> _DESCRIPTION OF THE TASK_
Each entry should be printed exactly, with its images omitted.
>>>
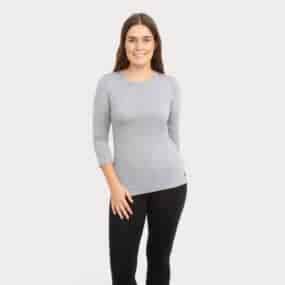 womens_3:4_sleeve merino wool top light grey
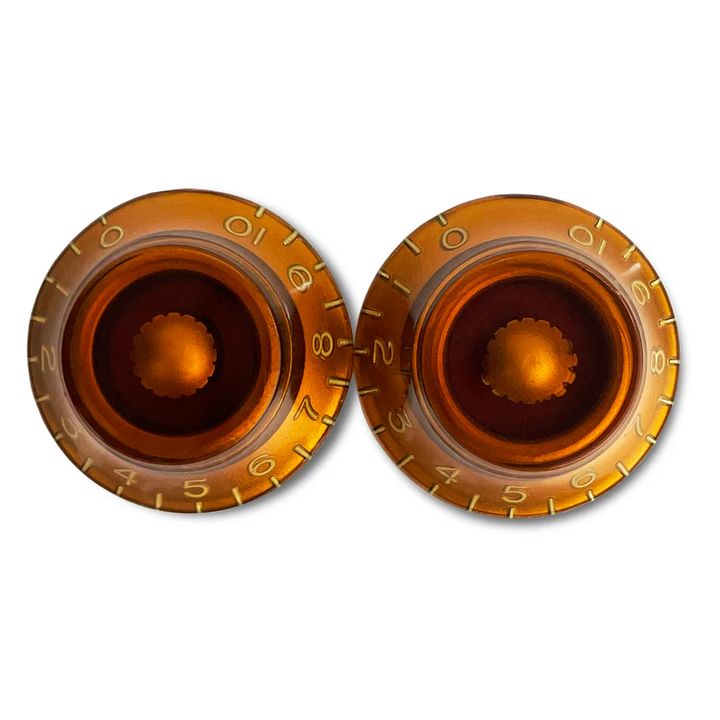 Allparts PK-0140 Set of 2 Vintage-style Bell Knobs Amber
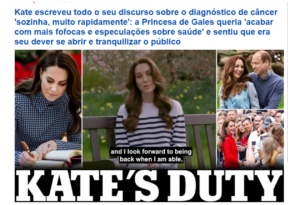 câncer de Kate Middleton gera onda de solidariedade no Reino Unido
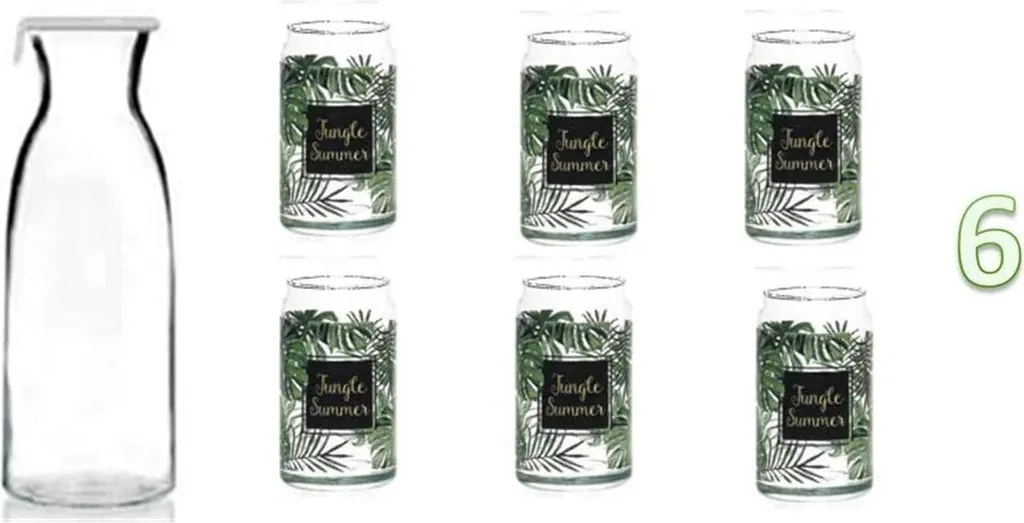 James Premium Karaffe Mit Deckel + Glas 450ml 6er Longdrinkgläser Set Spülmaschinenfest Mikrowellengeeignet Jungle-Motiv 1 James Premium Karaffe Mit Deckel + Glas 450ml 6er Longdrinkgläser Set Spülmaschinenfest Mikrowellengeeignet Jungle-Motiv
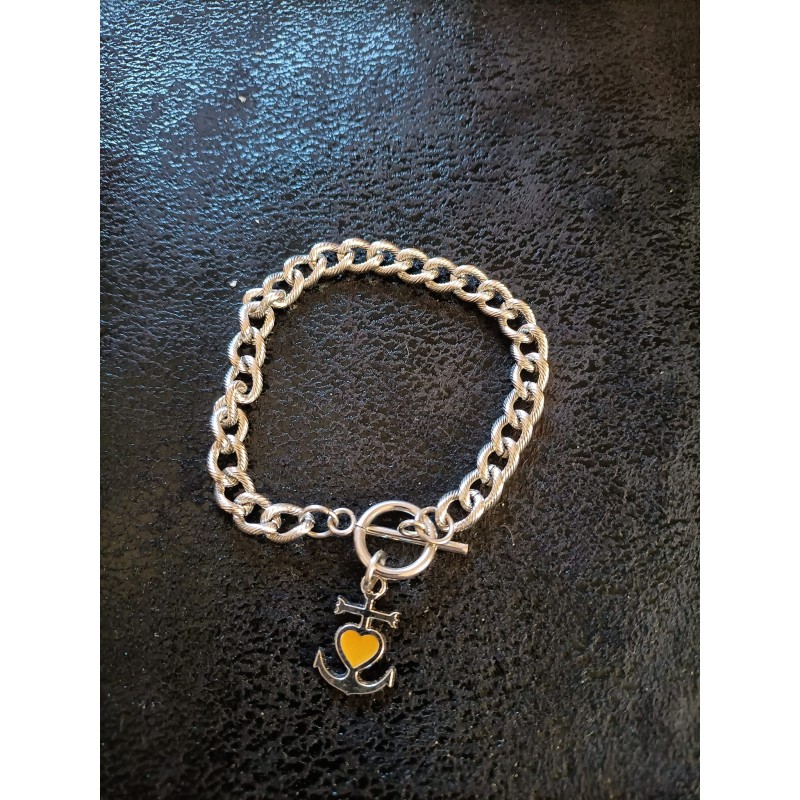 Bracelet Gourmette Croix de Camargue jaune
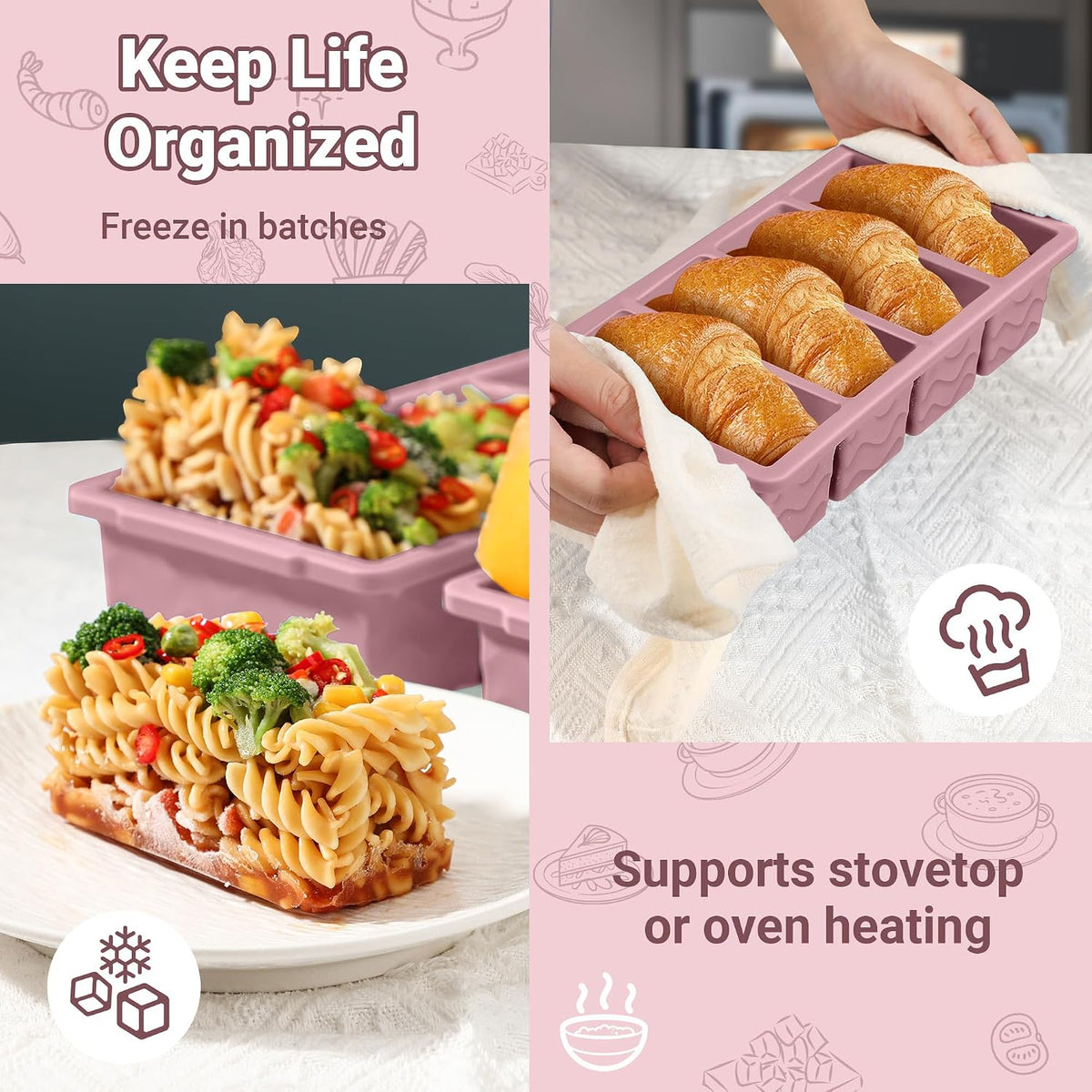Doasuwish Silicone Freezer Molds for Soup with Lid – 1-Cup Soup Container Style Ice Cube Trays for Freezer, Meal Prep & Food Storage, Freeze 250mL/125mL Portions – 2 Pack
<<<
> _FINISHED EXERCISE_
 womens_3:4_sleeve merino wool top light grey
 Allparts PK-0140 Set of 2 Vintage-style Bell Knobs Amber
 câncer de Kate Middleton gera onda de solidariedade no Reino Unido
 James Premium Karaffe Mit Deckel + Glas 450ml 6er Longdrinkgläser Set Spülmaschinenfest Mikrowellengeeignet Jungle-Motiv 1 James Premium Karaffe Mit Deckel + Glas 450ml 6er Longdrinkgläser Set Spülmaschinenfest Mikrowellengeeignet Jungle-Motiv
 Bracelet Gourmette Croix de Camargue jaune
Doasuwish Silicone Freezer Molds for Soup with Lid – 1-Cup Soup Container Style Ice Cube Trays for Freezer, Meal Prep & Food Storage, Freeze 250mL/125mL Portions – 2 Pack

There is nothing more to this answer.